Outer measure of the set $A= \lbrace x \in \mathbb{R}^n :\exists r>0 \; with \; \mu(B_r(x))=0 \rbrace$

Question

id like to show

if i have a outer measure $\mu$ and the set $A= \lbrace x \in \mathbb{R}^n :\exists r>0 \; with \; \mu(B_r(x))=0 \rbrace$ than $\mu(A) = 0$.

I don't know how to start.

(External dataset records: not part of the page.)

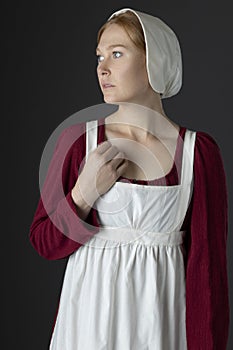 A Regency maid servant wearing a red linen dress with an apron and cap against a studio backdrop
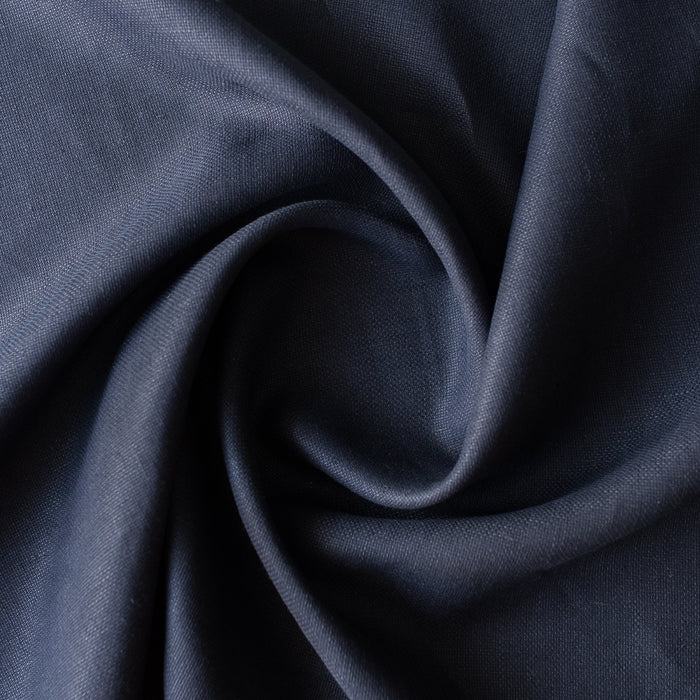 Ink navy linen fabric with visible yarn texture, slightly loose weave, suiting weight
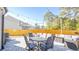 Backyard patio with string lights, seating, and dining area at 2009 Elvington Rd, Johns Island, SC 29455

I need some help please.

Answer 1

Notice that, for $x\in\mathbb{R}^n$ and $r>0$, if $\mu(B_r(x)) = 0$, then $B_r(x)\subset A$ (why?).

I will make the following claim, which would prove your statement:

Claim: There exists a countable collection $\{x_i\}_{i\in Q}$ of points in $\mathbb{R}^n$ and a corresponding countable collection of positive numbers $\{r_i\}_{i\in Q}$ such that $A\subset\cup_{i\in Q}{B_{r_i}(x_i)}$ and $\mu(B_{r_i}(x_i)) = 0$ for every $i\in Q$.

Proof: Take a countable dense subset $D$ of $\mathbb{R}^n$ (e.g. $D = \mathbb{Q}^n$), and consider the intersection $A' = A\cap D$. Then $A'$ is countable, so we can write $A' = \{x_i\}_{i\in Q}$ for some countable index set $Q$. For each $i\in Q$, the fact that $x_i\in A'\subset A$ implies that there exists some $r>0$ with $\mu(B_r(x_i)) = 0$. For each $i\in Q$, let $$ r_i = \sup\{r>0\,|\,\mu(B_r(x_i)) = 0\}.$$ Notice that if $r_i = \infty$ for any $i$ then $\mu(\mathbb{R}^n) = 0$, and we would trivially be done. Otherwise, $0<r_i<\infty$ for every $i$, and in fact we have $\mu(B_{r_i}(x_i)) = 0$ for all $i$ (why?). So it suffices to show that $A\subset\cup_{i\in Q}{B_{r_i}(x_i)}$.

To show this, let $x\in A$. Then there exists $r>0$ such that $\mu(B_r(x)) = 0$. By density of $D$, there exists some $y\in D$ such that $y\in B_{r/2}(x)$. Then $y\in A'$ (why?), so it can be written as $y = x_i$ for some $i\in Q$, and I leave it as an exercise to you to prove that for this $i$ we have $x\in B_{r_i}(x_i)$.